So yeah, fully agreed. Compared to Epic, I vastly prefer Steam's 30% cut. As the consumer I pay the same anyways, and Steam offers lots of stuff for it like forums, a client that boots before the heat death of the universe, in-house streaming, library sharing, cloud sync that sometimes works.

you are viewing a single comment's thread
view the rest of the comments
[–] [email protected] 19 points 11 months ago (1 children)

Both Valve and Epic are private companies. I still trust Valve over Epic, but I think technically Tim Sweeney has pretty much full control over Epic as well (for better or for worse).

[–] [email protected] 14 points 11 months ago (3 children)

He does, but not the stake Gaben has. Sweeny sold 40% to tencent. This still gives him control, but thats a very large shareholder that can push and pull when they want.

[–] [email protected] 4 points 11 months ago (2 children)

They can't "push and pull" anything. With Sweeney owning 50%+1, Tencent and anyone else he sold shares to can literally do nothing - he will always have the final say. And since the company is private, there's almost certainly an agreement/contract in place on those share purchases that if someone wants to dump them they have to offer them back to him/the company first. Since it's not a public company they can't just go sell their shares on an open market.
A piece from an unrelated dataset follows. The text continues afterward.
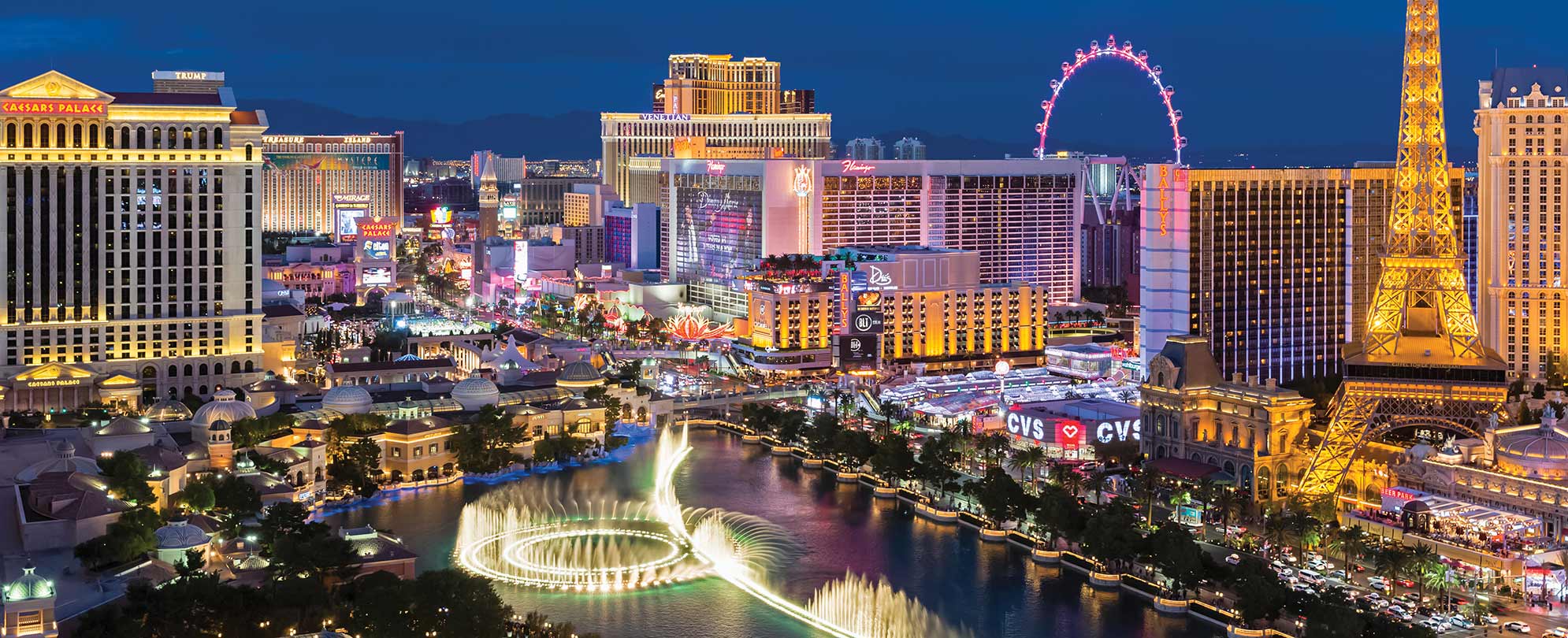 Birds-eye-view of the Strip in Las Vegas, Nevada, with fountains, hotels, casinos and other top Las Vegas attractions.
The threat of a large shareholder is gone in a case like this - they can't stage a hostile takeover and they can't dump and run.
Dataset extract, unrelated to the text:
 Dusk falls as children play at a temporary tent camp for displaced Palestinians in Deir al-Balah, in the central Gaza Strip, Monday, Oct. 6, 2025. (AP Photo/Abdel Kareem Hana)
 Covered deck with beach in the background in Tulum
[–] [email protected] 3 points 11 months ago (1 children)

You’re thinking of technically taking the decisions in the company. But shareholders can do much more. Like influencing the value of stocks by selling too many at once.
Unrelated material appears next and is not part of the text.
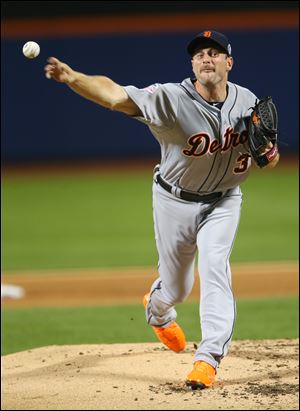 American League’s Max Scherzer, of the Detroit Tigers, pitches during the first inning.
[–] [email protected] 1 points 11 months ago

Tell me you didn't actually read my comment without telling me you didn't read my comment.

[–] [email protected] 2 points 11 months ago* (last edited 11 months ago)

You’re also assuming there are no other shareholders………..

Sure, maybe those 106 are sharing 10% but I doubt it.

[–] [email protected] 2 points 11 months ago

Another point for me at least, I actually put in effort to not getting made in China products where feasible. The same thing applies here, supporting epic is supporting China. I really just prefer not to support China, so no epic games for me.

[–] [email protected] 1 points 11 months ago

Ah that’s a fair point. I haven’t paid too much attention to this. Thanks for providing some more context :).